Dice un proverbio che gli estremi si toccano. Il postulato sembra avere del vero nel caso del direttore d’orchestra Ennio Nicotra, che ha reso due città decisamente antitetiche per clima, la solare Palermo e la gelida San Pietroburgo, poli contigui della sua vita e della sua attività. Lo incontriamo questo luglio in Sicilia, in una sera di regolare caldo palermitano.
Ennio, è noto a tanti che sei un bravissimo direttore d’orchestra che si occupa molto della didattica.
Penso però che alla gente possa piacere conoscere qualche notizia in più di te persona.
E allora: “chi” sei, da dove spunti, che fai? C’era il nonno che aveva il violino? No. C’era un chitarrista per strada che suonava e che ti ha tolto il sonno? Nemmeno. Insomma, quando hai iniziato, come e perché?
Ho sempre nutrito la passione per la visualizzazione della musica, ritengo che sia una cosa innata. Il nonno non suonava il violino, mia madre aveva una bella voce e cantava bene ma musicisti in famiglia proprio no. Già verso i 5 anni frequentavo i concerti, questo sì, andavo al Teatro Biondo, agli Amici della Musica e a vedere l’Opera al Teatro Massimo.
Fin da piccolissimo, quando ancora non sapevo leggere e scrivere, ho avvertito il desiderio di rendere visibile la musica.
In che modo manifestavi questo desiderio?
Mettevo su un giradischi le incisioni che sceglievo, individuandole dai ritratti dei compositori, e cercavo con le mani di rendere visibile la musica, la melodia più che il ritmo, di cui fra i tre e i quattro anni non avevo ancora cognizione. Ci perdevo moltissimo tempo. Quando mi chiedevano “Cosa vuoi fare da grande?”, rispondevo: “Pilota d’aereo e direttore d’orchestra”.
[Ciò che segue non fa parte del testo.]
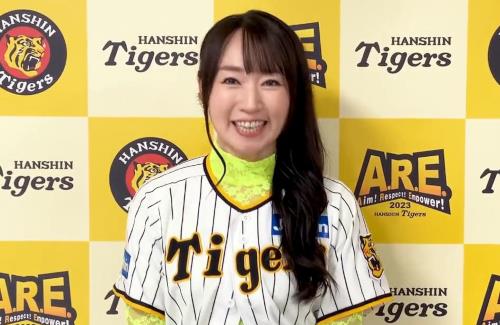 声優・水樹奈々さんが、甲子園で国歌独唱！！「六甲おろし」の生歌も披露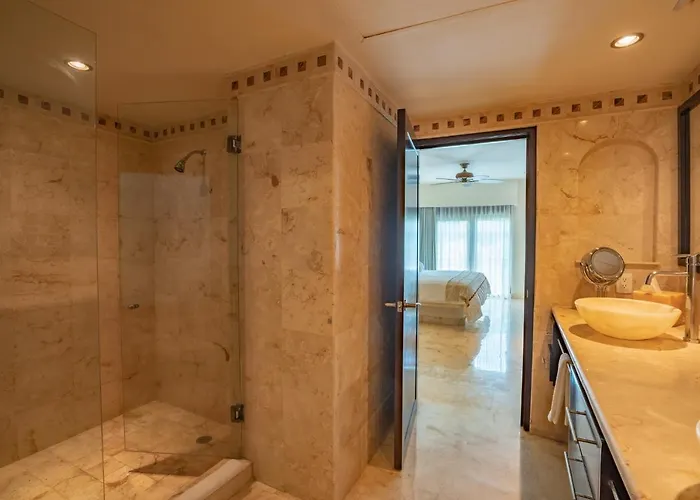 2 Bedroom Close To The Beach * Playa del Carmen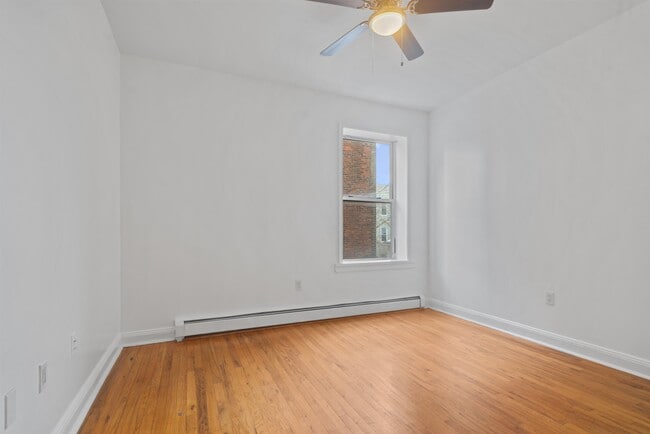 Building Photo - 149 Grant Ave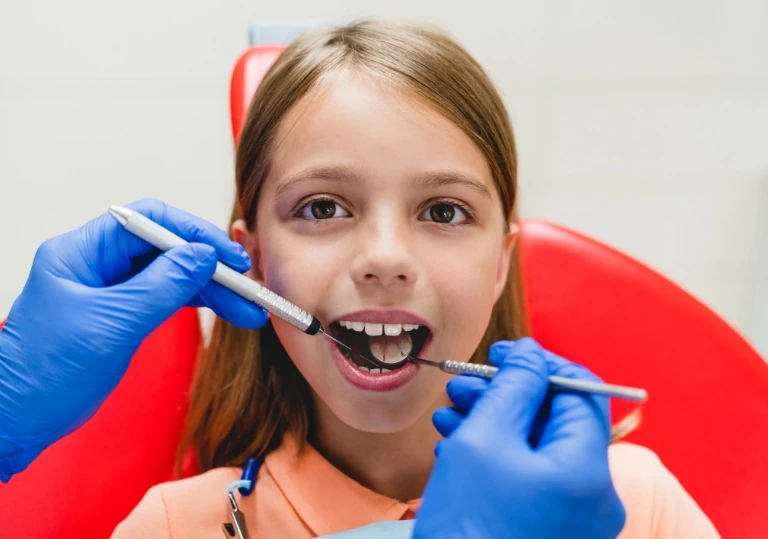 dziewczynka u dentysty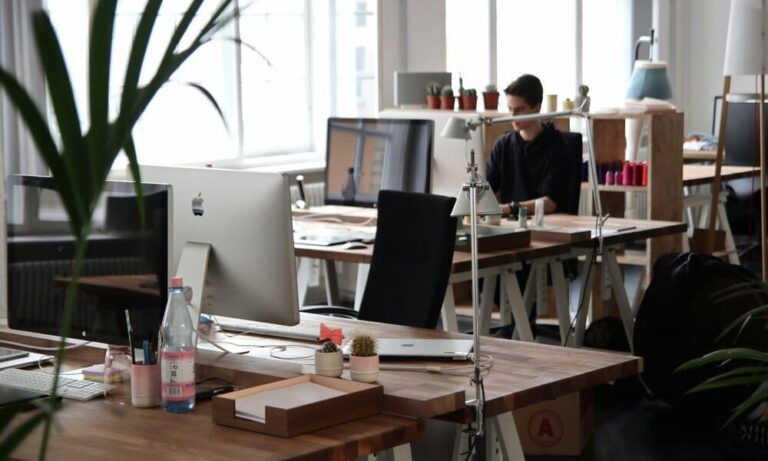 Trabajar 25 horas semanales menos es posible gracias a la IA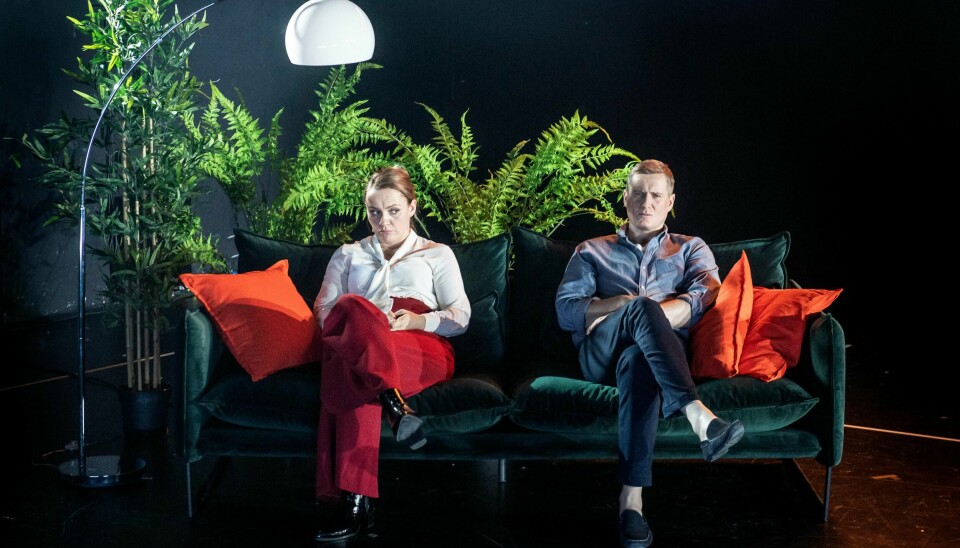 Når en engel åpenbarer seg for familiefaren Mikael (Frode Winther), blir ikke hans kone Susanna (Ellen Birgitte Winther) særlig begeistret over utfallet.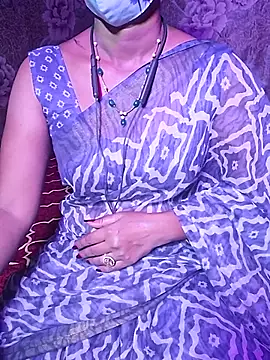 XBHUUME online show from November 7, 2025, 5:13 pm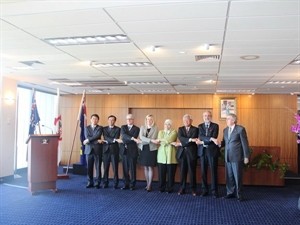 ASEAN flag hoisted to mark anniversary in Western Australia - ảnh 1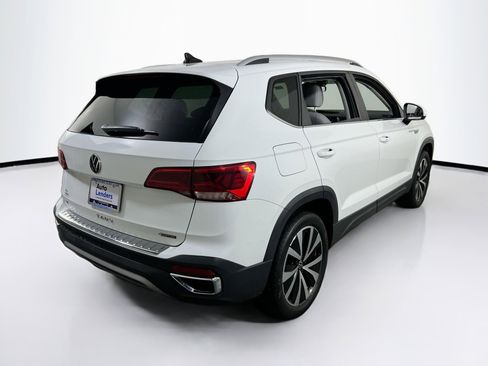 Used 2023 Volkswagen Taos SE image 5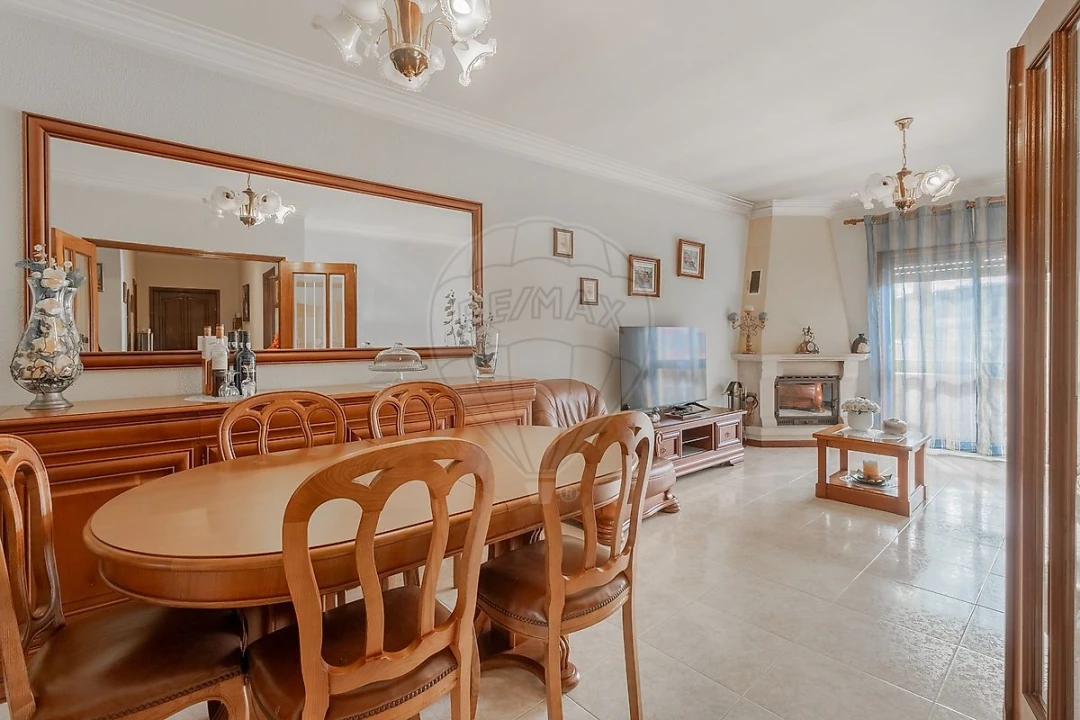 Apartamento T3 para Venda em Mafamude e Vilar do Paraíso Foto 15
Per un po’ l’ho anche fatto il pilota d’aereo; ho frequentato una scuola specifica, anche se poi ho abbandonato prima di conseguire il brevetto. Era una bella sensazione volare su quegli aerei piccoli, non gli ultraleggeri di oggi che mi appaiono precari ma i PIPER, i CESSNA, che hanno una bella carrozzeria, una fusoliera ben solida.
Rimaneva la passione per la musica classica ma, occupato dalla scuola, avevo dimenticato quell’aspetto gestuale. Poi, in vecchiaia, sui 12 - 13 anni, mi sono iscritto al Conservatorio di Palermo.
“In vecchiaia”? La gente di solito s’iscrive prima?
Sì. In Russia, poi, ci si iscrive ancora prima, ci sono scuole per bambini di quattro - cinque anni. Lì iscriversi intorno ai 12 - 13 come pianista è impensabile. Da noi tutto si chiama Conservatorio e ci trovi anche ragazzini di scuola media. In Russia, invece, gli studenti finiscono a 17 anni il loro Liceo musicale, che corrisponde al nostro Conservatorio, e poi entrano nel loro Conservatorio dove fanno 4 anni più il dottorato. Io mi diplomai a Palermo sui 24 - 25 anni. Non nutrivo molte speranze perché ero già grande, ma nell’88 venne in città un direttore russo con cui ebbi modo di parlare. «C’è una sola persona al mondo», affermò, «che può dirti se sei portato o meno per la direzione d’orchestra e che può metterti in condizione di dirigere in poco tempo: Ilya Musin a San Pietroburgo». Mi dette il numero telefonico di Musin e, poiché allora si poteva frequentare solamente con una borsa di studio, mi scrisse anche una lettera di presentazione per il Ministero degli Esteri. «Fai in fretta perché Musin ha già 86 anni», mi raccomandò.
E tu non te lo facesti ripetere due volte.
Non pensavo ad altro. Arrivare a San Pietroburgo era una cosa impossibile per l’epoca. L’unica via usuale era data dai viaggi organizzati, che in inverno mancavano. Così m’iscrissi a un corso di lingua russa a Mosca, della durata di un mese, per poter andare un giorno a S. Pietroburgo e presentarmi all’esame, dato che per prima cosa Musin avrebbe dovuto accettare la mia candidatura. Mi trovai a dover dirigere, senza che lo avessi mai fatto prima. La cosa più misteriosa è che, quando vidi Musin far lezione e dirigere, trovai un’immediata risposta alle domande che mi ponevo da bambino. Fu come un riaggancio a 25 anni prima, un flash. Predestinazione? Non saprei. Comunque sia, il Maestro mi prese.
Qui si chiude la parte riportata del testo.